TopBadger wrote: Mon Sep 22, 2025 7:33 pm
Given that a "two-
state solution" has been talked about for decades - It had to happen eventually.
Precisely because Palestine as a state is likely to be about as stable and effective a state as Haiti, many Palestinians and moderate Israelis think that an independent Palestine is not a plausible end condition, at least starting from being given independence out of the present occupied condition.
There are other two-state solutions than an independent Palestine. These including going back to the situation before 1967 when Gaza was part of Egypt and the West Bank was part of Jordan. But Egypt and Jordan have long been unwilling to take these places back. More trouble than they are worth, is how they see it. A refreshing contrast to those countries that refuse to give up their troublesome areas. Israel's decision to retain Gaza and the West Bank after the 1967 war has become a fateful one. It did return Sinai eventually, though it had only made some minor colonies there.
There is also a one-state solution. That Israel, Gaza and the West Bank should be integrated into one state of citizens with equal rights. Given Israel's fateful decision in 1967 to retain Gaza and the West Bank, then the one state solution seems rather to be what Israel chose. Of course people who see Israel as essentially a Jewish state - which includes every government Israel has had - hate the idea. But there are ways around the issue. It could potentially be a loose federation. In Malaysia and Nigeria there is sufficient local judicial independence that some of the federated states have laws aligned to their local religions. Bosnia and Herzegovina is an even looser federation, though there are some indications that country might fall apart.
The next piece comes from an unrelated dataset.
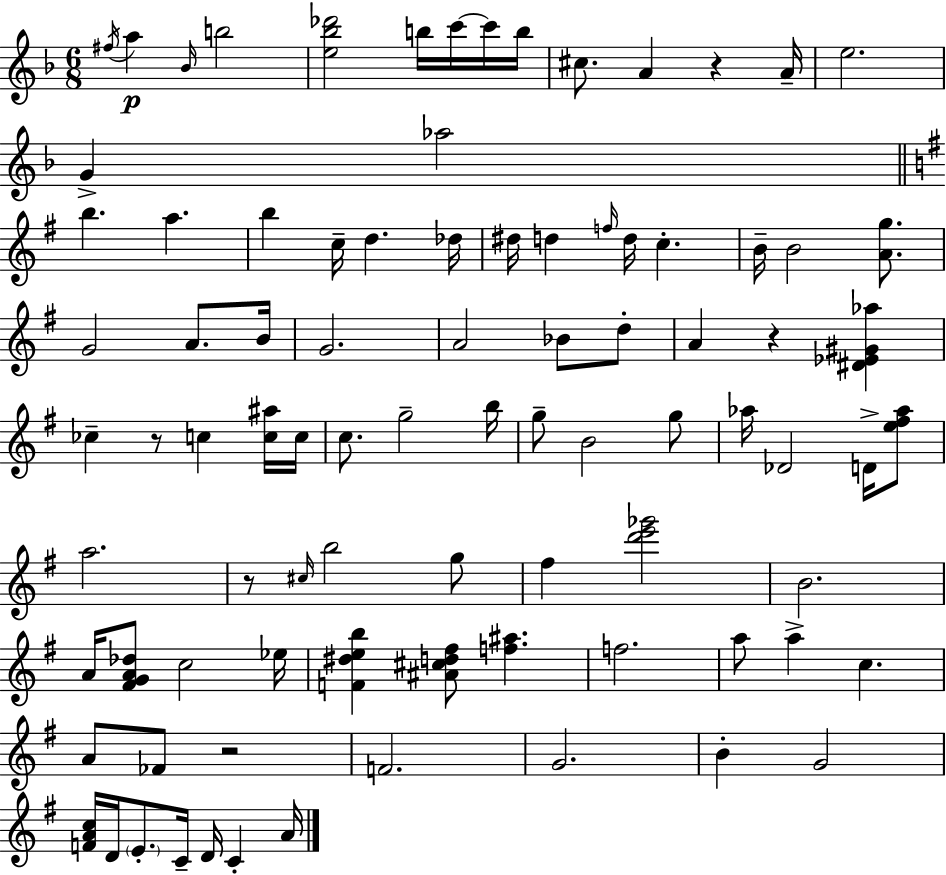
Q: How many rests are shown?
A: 5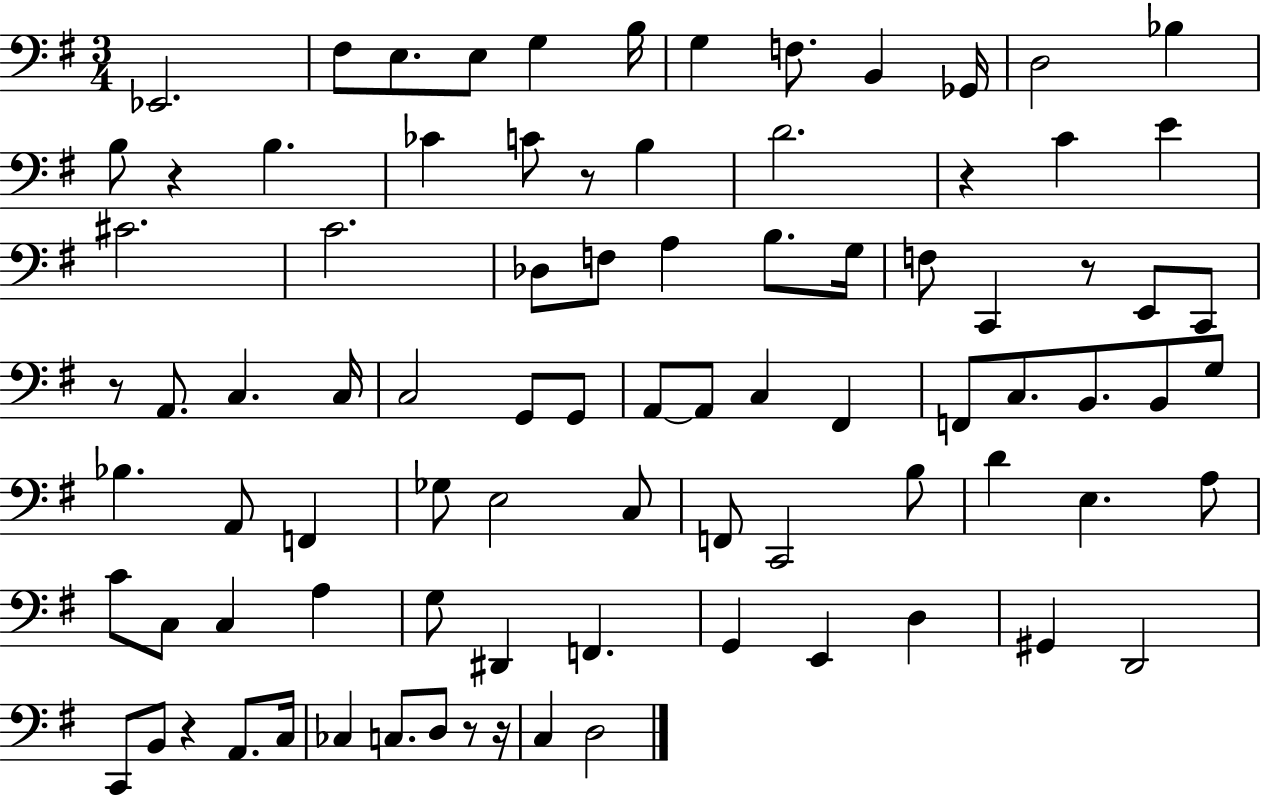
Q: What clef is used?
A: bass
But maybe being that loose federation that eventually falls apart, when it is ready to do so, is the route to a feasible two-state solution.
The present government of Israel considers both the two-state solution - understood to mean an independent Palestine - and the one-state solution as completely unacceptable. They keep expanding their hold on the West Bank, some of them explicitly saying the more of the West Bank they take over the less feasible a two-state solution can every be. Whilst some Israelis might be willing to bargain land for peace, as they did with Sinai, in the case of the West Bank probably there are many Israelis who would not return what they have taken unless it was forcibly taken off them.
Which begs the question of what long-term solution anyone in control in Israel does consider acceptable. Some people these days, Smotrich for example, unapologetically and explicitly argue for ethnic cleansing and the departure of the Palestinians to somewhere else, not that there is anywhere else that will take them. Make it nasty enough to stay, and they hope they can be persuaded to leave. But most just keep quiet. Probably many find it convenient for conflict to continue, though preferably in the form of frozen conflict. They have done well out of frozen conflict. Of course the Armenians thought they were doing well out of frozen conflict, until it heated up again, the Russians who were supporting them abandoned them, and they lost.